AOL Founder Accuses Time Warner

The recriminations flowed Monday from America Online founder Steve Case, as he catalogued a host of ways in which Time Warner botched the management of AOL after merging with the company in 2001. Specifically, Case complained that Time Warner failed to grow AOL's broadband users, develop a search engine, acquire other tech companies, and build out its Voice over Internet Protocol phone service, among other shortcomings.

"Instead of accelerating AOL's broadband push, [Time Warner] slowed it," stated Case in an online chat at WashingtonPost.com, one day after The Washington Post ran an essay by Case in which he advocated undoing the AOL/Time Warner merger that he had engineered six years earlier.

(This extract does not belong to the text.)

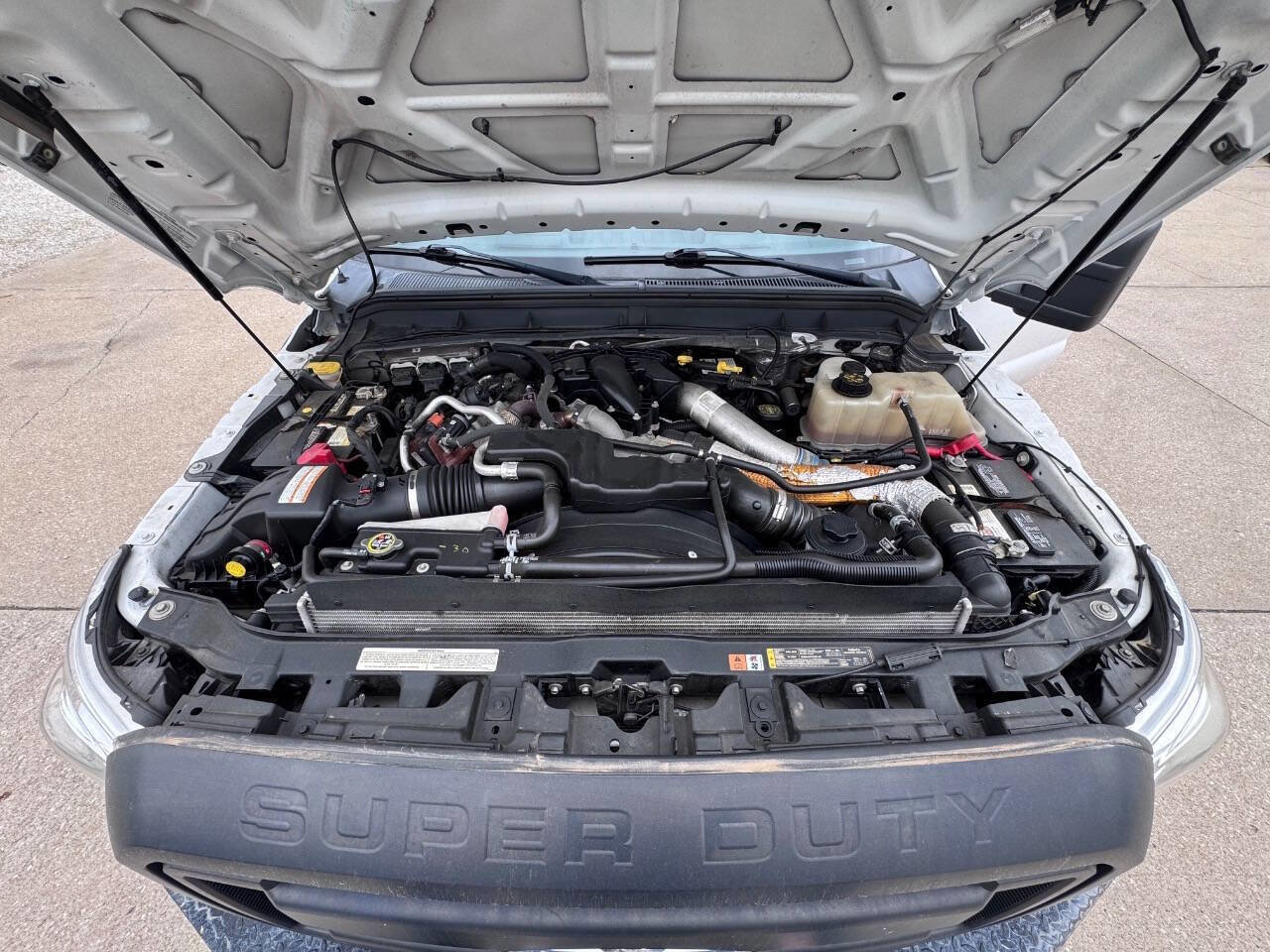 Used 2015 Ford F550 4x4 Regular Cab Super Duty image 12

"Most people in the industry think it is odd--and a mistake--that Time Warner Cable continued to offer its own Roadrunner service instead of moving to AOL which is a better known brand with a wider range of services," Case said in the chat. Case--who resigned from the company's board in October, but still owns about $250 million worth of Time Warner stock--personalized many of his complaints. Time Warner's failure to migrate Roadrunner users to AOL broadband "was a big disappointment for me," he griped. And, he lamented, Yahoo!'s dominance in terms of traffic share "is hard for me to see."

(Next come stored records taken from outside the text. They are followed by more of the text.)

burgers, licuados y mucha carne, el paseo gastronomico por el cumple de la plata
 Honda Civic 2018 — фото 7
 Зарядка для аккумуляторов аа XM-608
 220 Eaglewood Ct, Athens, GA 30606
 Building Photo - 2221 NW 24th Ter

As to his own failure to advance change while at Time Warner, where he served as chairman until July 2003, he offered: "It is hard to push for strategic moves when none of the businesses report to you."

Case's comments come at a time when the battle for the future of AOL has become increasingly contentious. Not only are Microsoft and Google each vying to partner with AOL, but Time Warner board member Carl Icahn escalated his attempt to force Time Warner to spin off the company. Two weeks ago, the aggressive financier hired investment bank Lazard to explore strategic options for Time Warner.

In his essay on Sunday, and again in Monday's chat, Case repeatedly said that AOL would be better off on its own than as part of the Time Warner conglomerate. "Obviously I was a big believer in convergence and a big believer in cross-divisional collaboration to drive innovation and growth. ... But it has not happened, and I have reluctantly concluded it will not happen," he stated in the chat. "Plan A didn't work--let's admit that and move to Plan B."

Analyst Mark Stahlman of Caris & Co. chimed in Monday, with a report stating that Time Warner shareholders "would be best served" if AOL was independent.

But the report also concluded that this scenario was "unlikely." Rather, Stahlman stated that a joint venture between AOL and Microsoft "is likely to be a positive move for Microsoft"--which, the report states, "needs a jolt of new momentum in its online services business."

A possible Microsoft-AOL deal would mean that Google--which currently powers AOL's search engine--will lose a good chunk of cash; around 11 percent of Google's revenue in the first half of the year came from AOL. But the report also predicted that Google is in a good position to recover, as it expands into new fields.